Para los jóvenes, que hoy cambian de empleo con más facilidad, estos elementos pesan más que la retribución pura.
¿Cómo es la cultura de empresa de Grant Thornton España en lo que al cuidado de sus empleados concierne?
La relación personal siempre ha sido clave en Grant Thornton. Llevo 30 años aquí y, como en cualquier trayectoria larga, ha habido momentos excelentes, buenos y otros menos buenos, pero la nota media final es muy alta.
Siempre he valorado el trato al personal. Desde los tiempos de Audihispana, y gracias a ese origen más “familiar”, he visto cercanía y verdadera preocupación por la gente, su formación y crecimiento. Por eso siempre he pensado que Grant Thornton es un gran lugar para trabajar.
Obviamente nuestro crecimiento ha generado que tengamos que adaptarnos a nuevas experiencias con profesionales que vienen de otras grandes firmas y otras culturas, pero ello no nos ha hecho perder nuestra esencia —. No en vano, la estabilidad de los socios en nuestra firma es mayor que en otras firmas.
Mi carrera no comenzó en la firma, pero sí ha transcurrido principalmente en ella, y hemos vivido y asumido la cultura heredada de Audihispana: la amistad, el compañerismo, la solidaridad y el respeto por las personas, que hemos sabido transmitir a las nuevas generaciones.

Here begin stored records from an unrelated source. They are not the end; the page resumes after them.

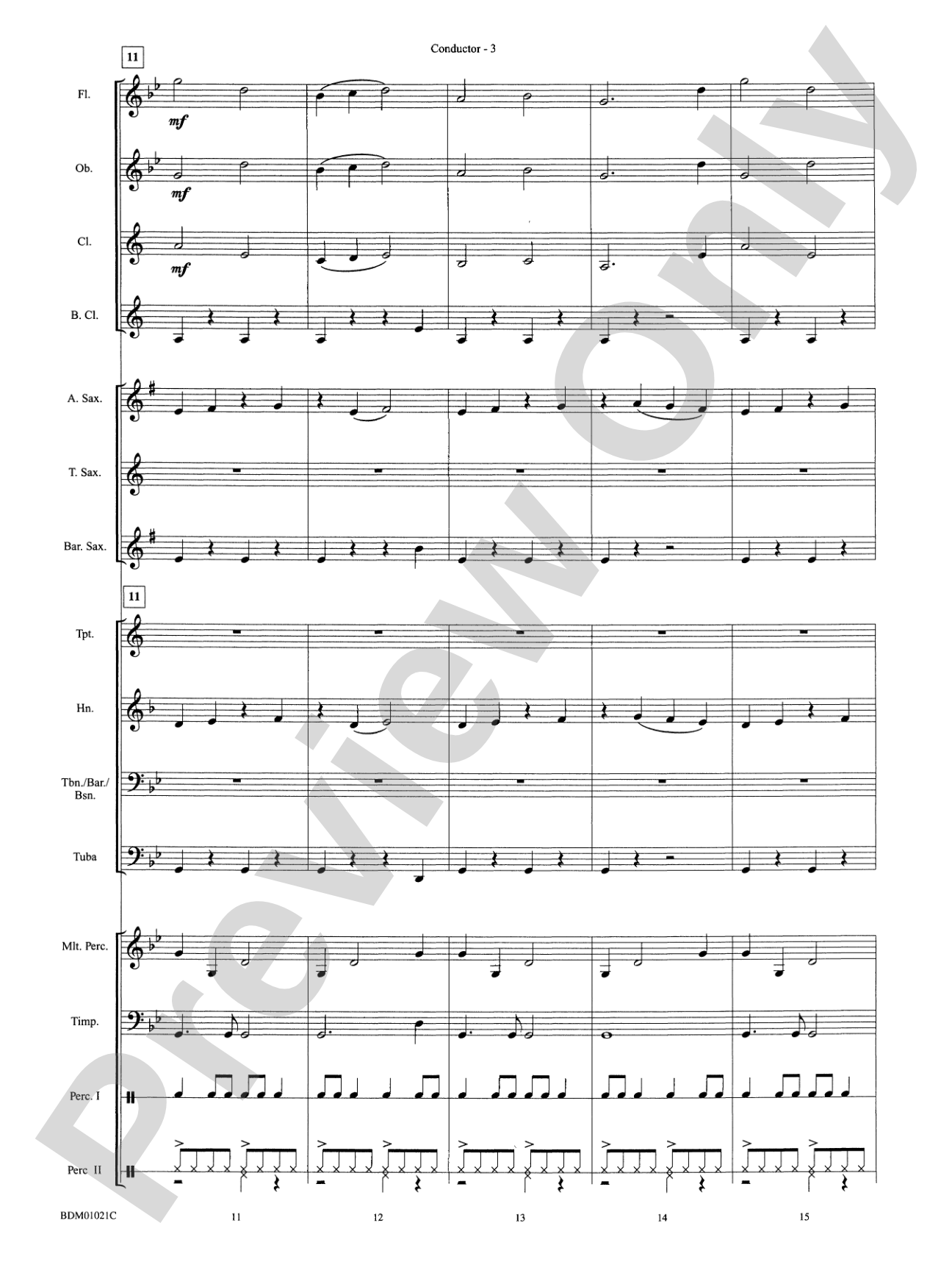 Furioso: Concert Band Conductor Score & Parts
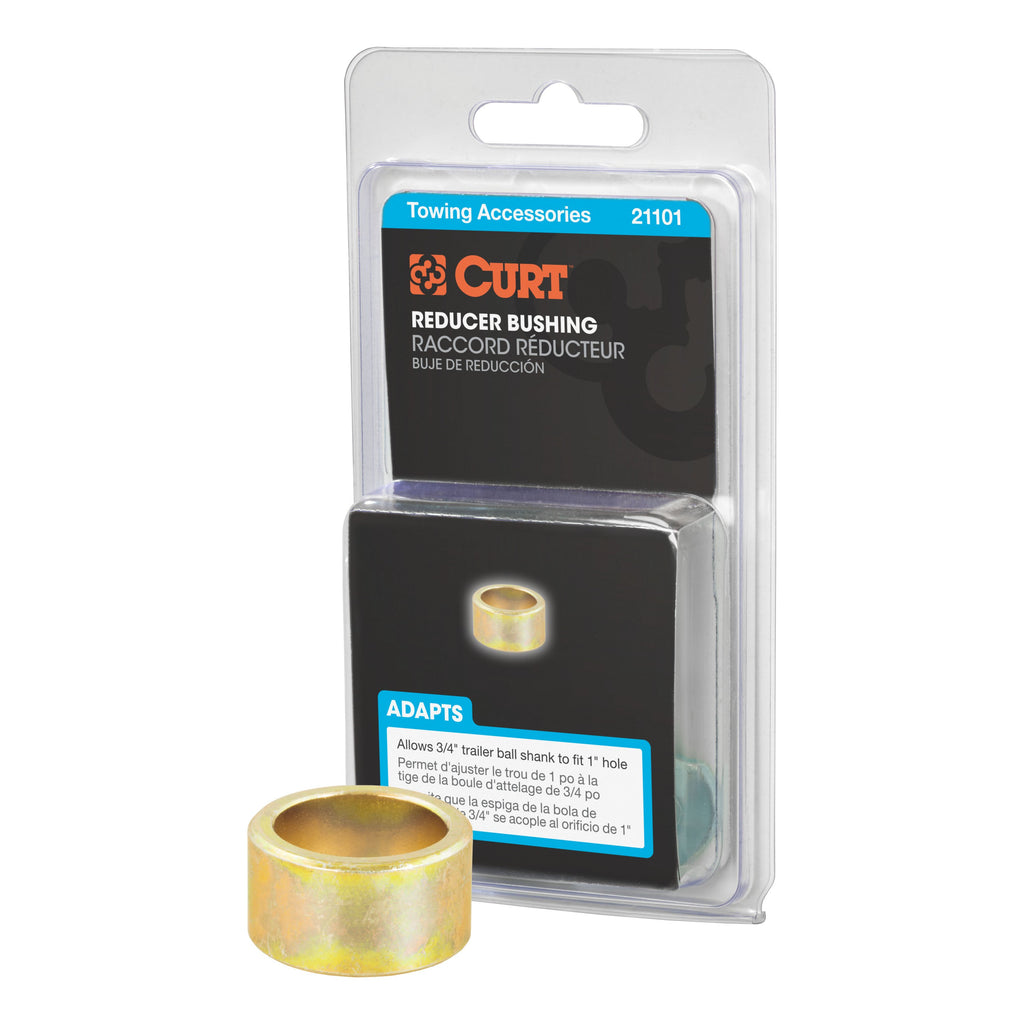 CURT 21101 Trailer Ball Reducer Bushing (From 1" to 3/4" Stem, Packaged)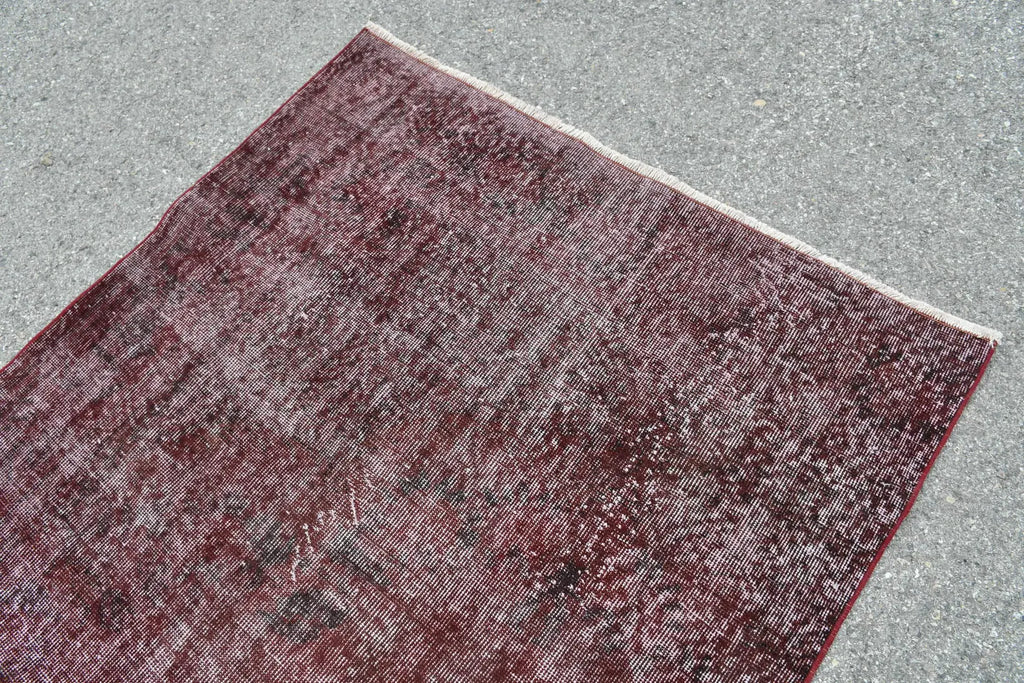 Vintage Turkish Accent Area rug 4.1 x 8.3 ft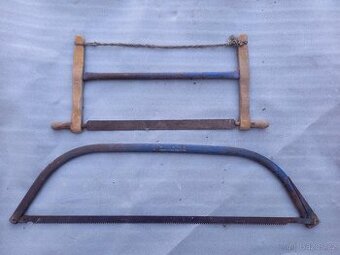 Pila na dřevo rámová a oblouková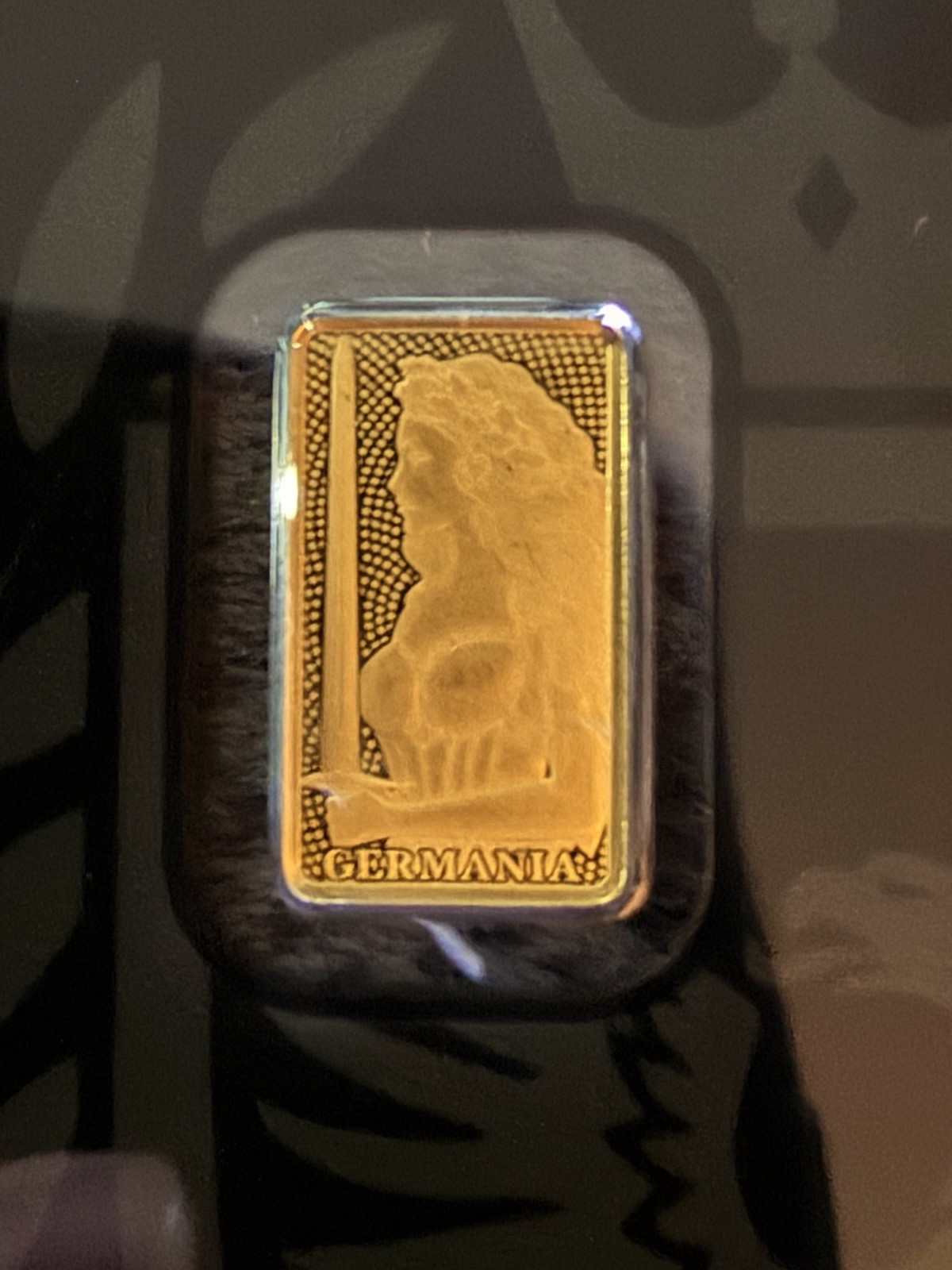 Germania Mint 1/100 oz 24Kt Gold Proof Bar .9999 Fine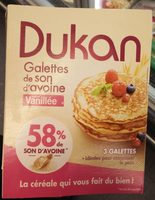 Galettes de son d'avoine saveur vanillée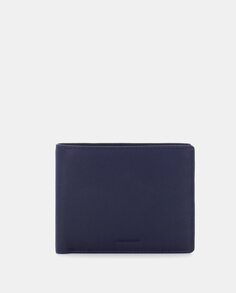 Мужской кошелек из кожи темно-синего цвета Scharlau, темно-синий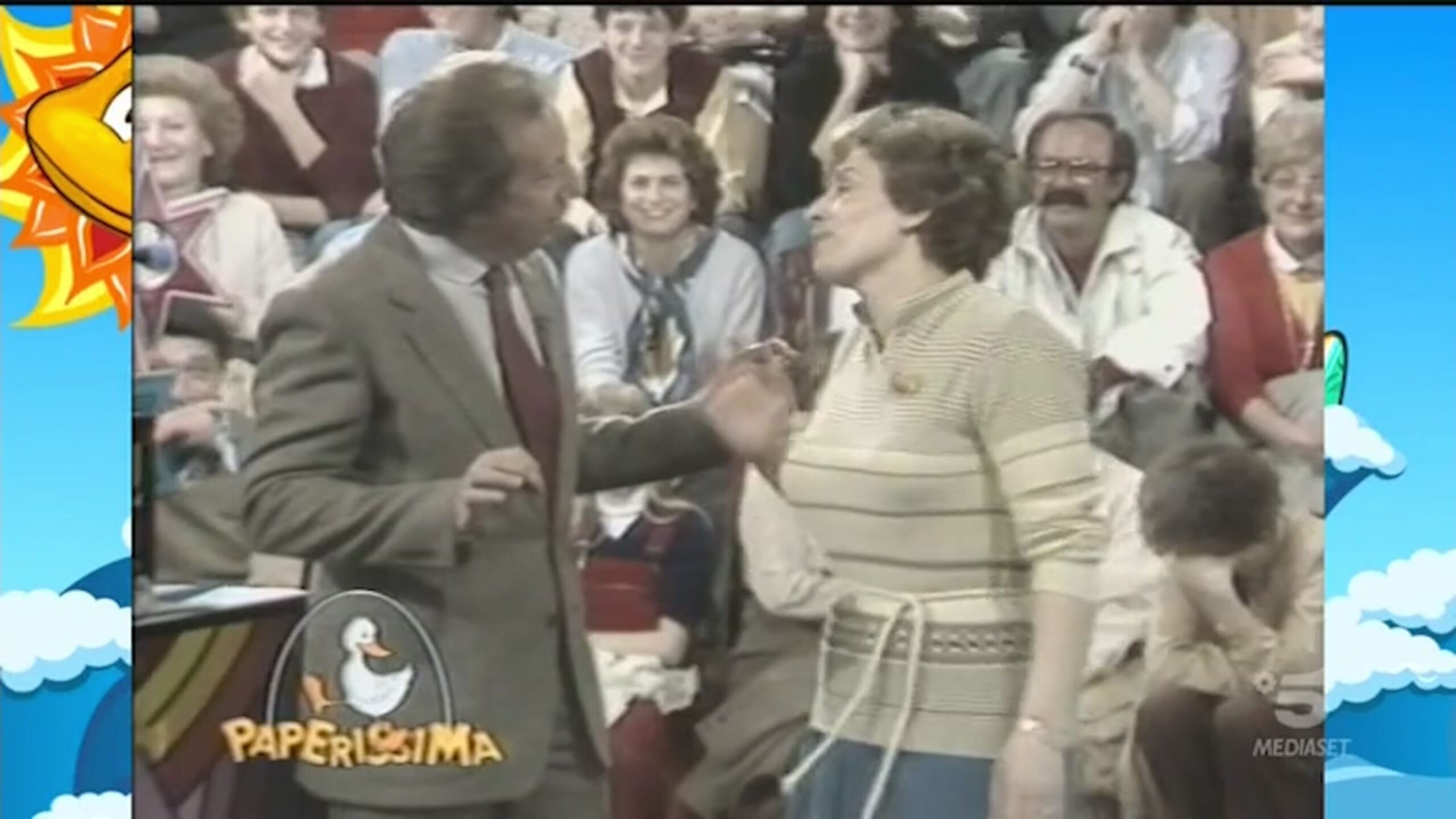 Mike Bongiorno inaugura a Paperissima il format antesignano dell’Isola dei Famosi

Cuidamos mucho ese espíritu, aunque es evidente, como dije, que hay que adaptarse a nuevos tiempos cuando la organización crece. Hoy somos más de 900 profesionales y más de 200 abogados, una estructura todavía manejable en estos ámbitos.
Pero si algún día llegamos a tener plantillas de 500 profesionales por área o más de 3.000 profesionales en total, por poner un ejemplo, mantener esa proximidad será más difícil, aunque no imposible.